__Records supplied__

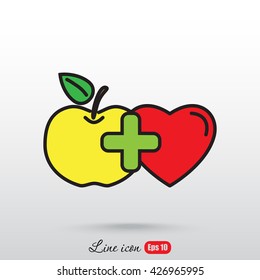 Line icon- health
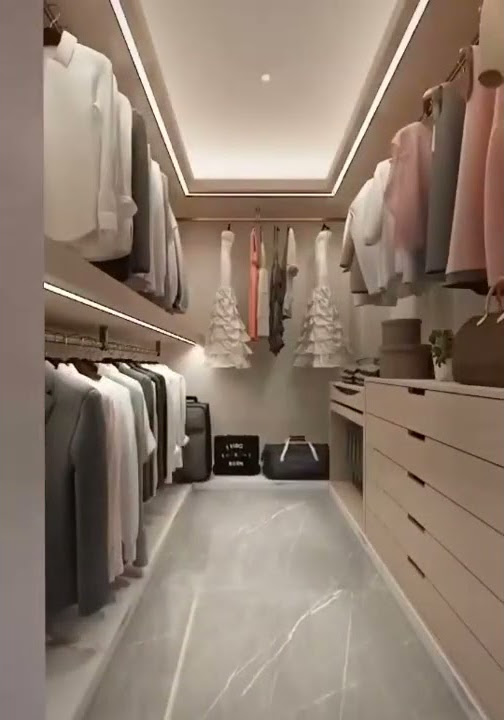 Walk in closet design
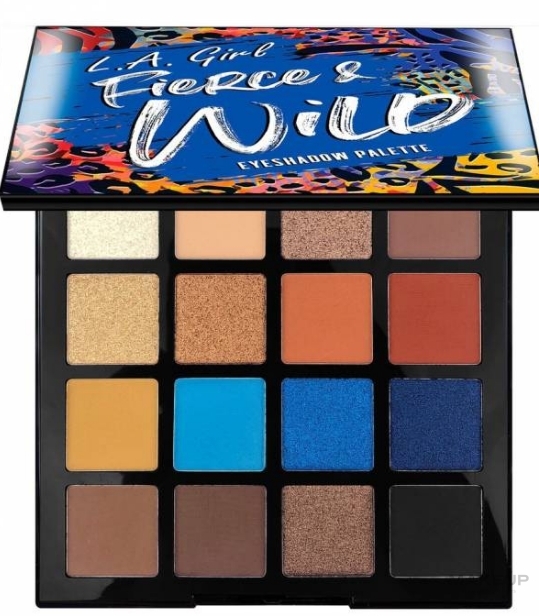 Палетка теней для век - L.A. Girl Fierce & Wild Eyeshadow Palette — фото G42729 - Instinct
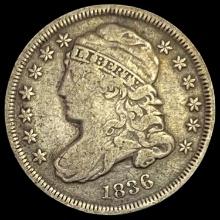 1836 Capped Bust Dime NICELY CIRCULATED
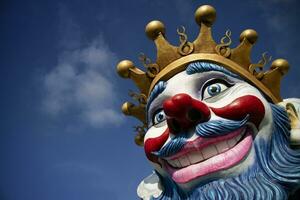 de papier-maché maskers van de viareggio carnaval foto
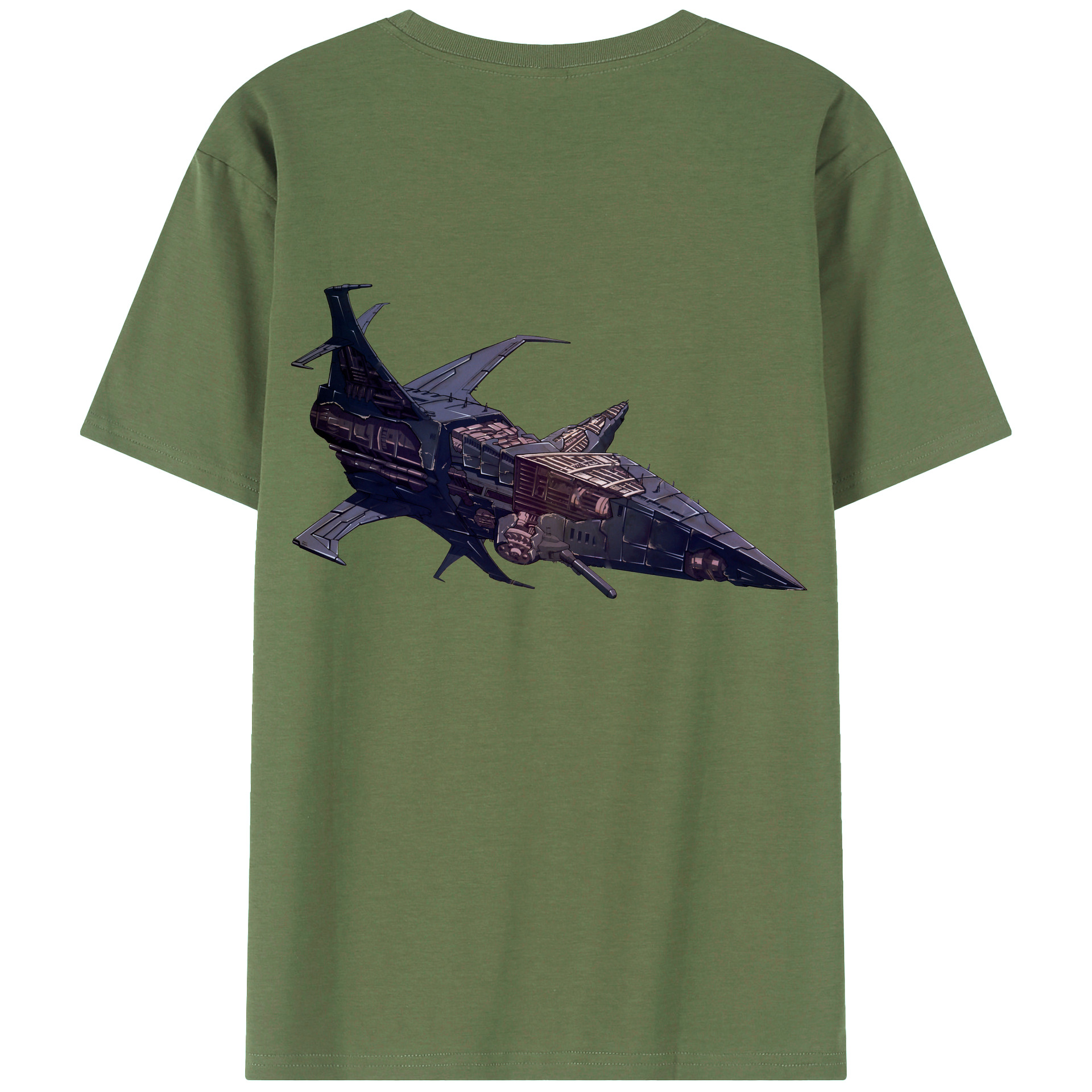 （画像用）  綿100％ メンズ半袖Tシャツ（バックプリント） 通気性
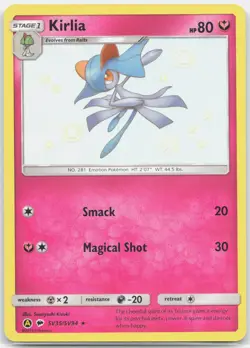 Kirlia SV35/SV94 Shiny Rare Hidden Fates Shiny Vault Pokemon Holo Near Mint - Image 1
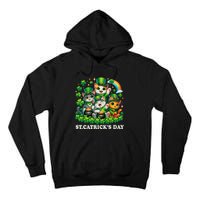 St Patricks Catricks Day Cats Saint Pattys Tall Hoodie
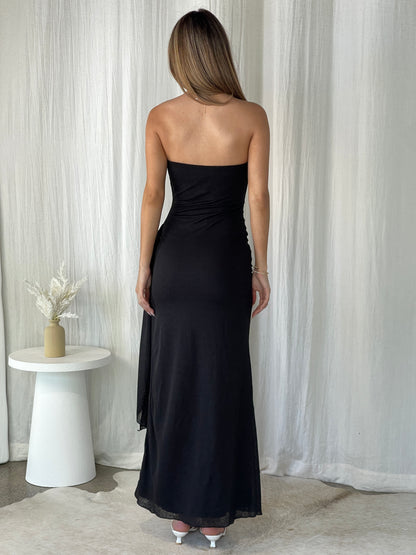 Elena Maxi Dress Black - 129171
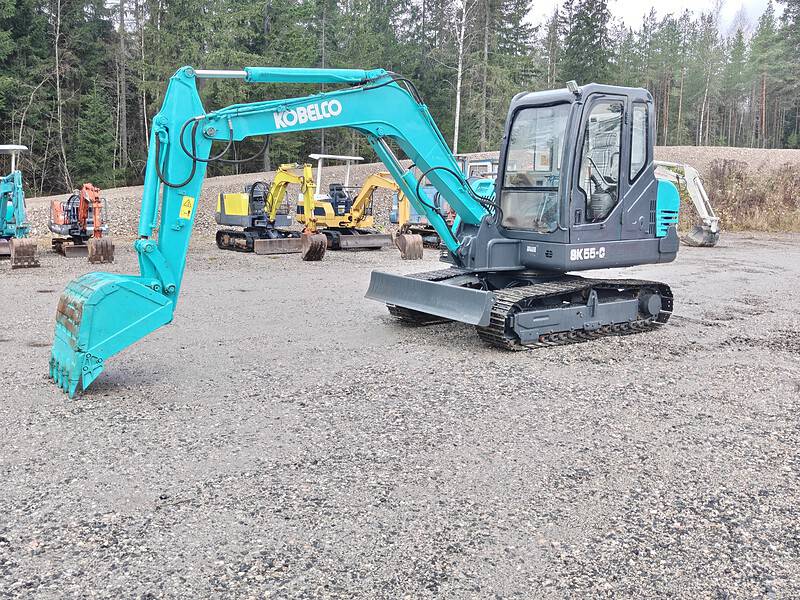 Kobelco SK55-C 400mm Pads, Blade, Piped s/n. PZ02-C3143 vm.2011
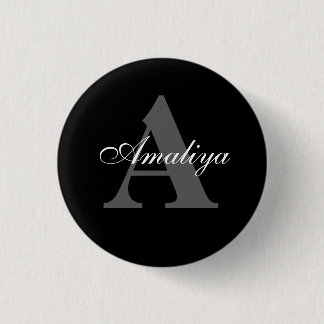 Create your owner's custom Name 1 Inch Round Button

__What is needed__
Stop at the line containing "St Patricks Catricks" and include it. Everything from the first line of the material up to there is to be repeated exactly, leaving out pictures.

__Response box__
 Line icon- health
 Walk in closet design
 Палетка теней для век - L.A. Girl Fierce & Wild Eyeshadow Palette — фото G42729 - Instinct
 1836 Capped Bust Dime NICELY CIRCULATED
 de papier-maché maskers van de viareggio carnaval foto
 （画像用）  綿100％ メンズ半袖Tシャツ（バックプリント） 通気性
 Kirlia SV35/SV94 Shiny Rare Hidden Fates Shiny Vault Pokemon Holo Near Mint - Image 1
 St Patricks Catricks Day Cats Saint Pattys Tall Hoodie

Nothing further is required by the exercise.